I think that for most thoughtful people on both sides, this basic principle is not in dispute. No one worth taking seriously thinks that people should be free to pollute the environmental commons with impunity, or, at the other extreme, that it should be prohibited altogether. The disagreement is largely over empirical and speculative questions about marginal costs and benefits.

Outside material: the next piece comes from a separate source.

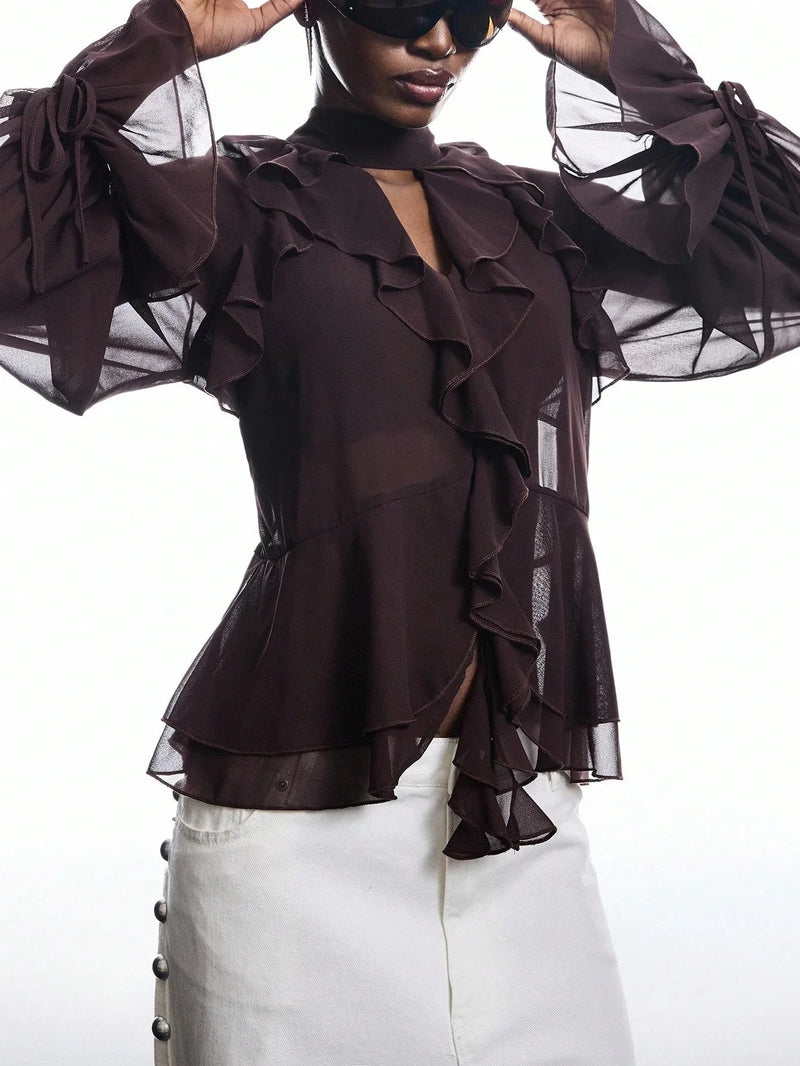 Brown Ruffle Sleeve Tie Neck Blouse Flare Top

That is, stuff like:

1. What are the environmental consequences of various levels of atmospheric CO2, and how will they affect our future standard of living?

2. What are the economic consequences of reducing CO2 emissions to various levels by various means?

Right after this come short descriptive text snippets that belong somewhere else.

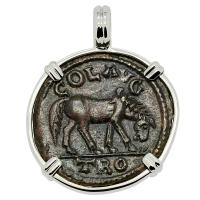 Roman Empire AD 250-268, Horse and Tyche coin in 14k white gold pendant. 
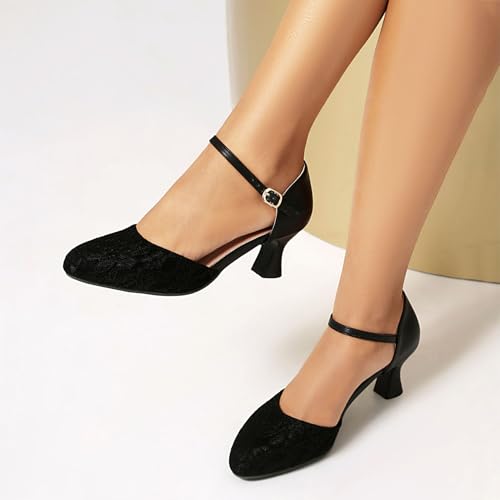 Bellirala Womens Lace Flower Heels Cute Retro Rockabilly Shoes Low Kitten Heels Mary Janes Ankle Strap Vintage Cosplay Shoe Elegant Dress Dance Pumps4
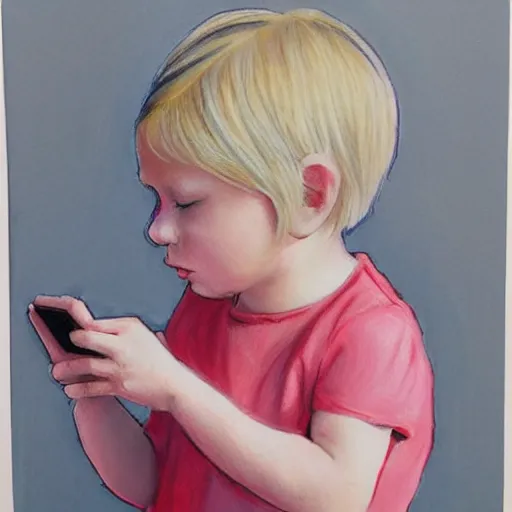 Image similar to 3 year old blonde girl with iphone, colored pencil on white background by eloise wilkin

3. What are the costs and benefits of other mitigation strategies?

4. How are 1-3 likely to change in the future due to technological and economic progress?

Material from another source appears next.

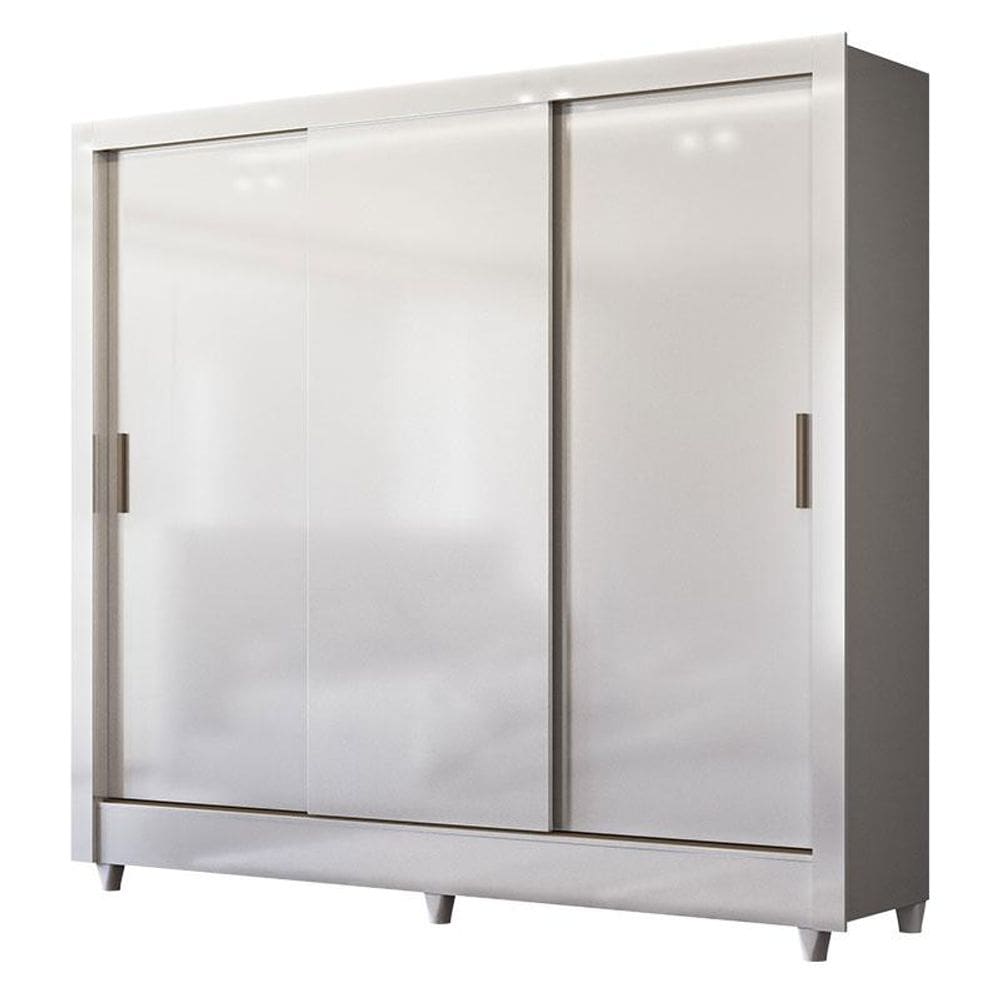 Guarda Roupa Casal 3 Portas de Correr com Pés Italia Branco Brilho - Santos Andirá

5. How will the policies actually produced by the political process differ from the policies we come up with from our armchairs and ivory towers?

Unfortunately, beliefs with respect to these questions are highly correlated with ideology, and that really only makes sense for #5. There's no logical reason why there should be a strong correlation between one's position on the expansion of the welfare state and one's beliefs regarding catastrophic anthropogenic global warning, and the fact that there is suggests that there's some cognitive bias at work (or, less charitably, outright dishonesty).

I strongly suspect that there's some bias on both sides, though not necessarily an equal amount. Which side is more biased, and where exactly the truth lies, I honestly don't know, but ultimately I think the debate over global warming and mitigation strategies stems from cognitive bias with respect to empirical questions, rather than to any serious dispute over basic principles.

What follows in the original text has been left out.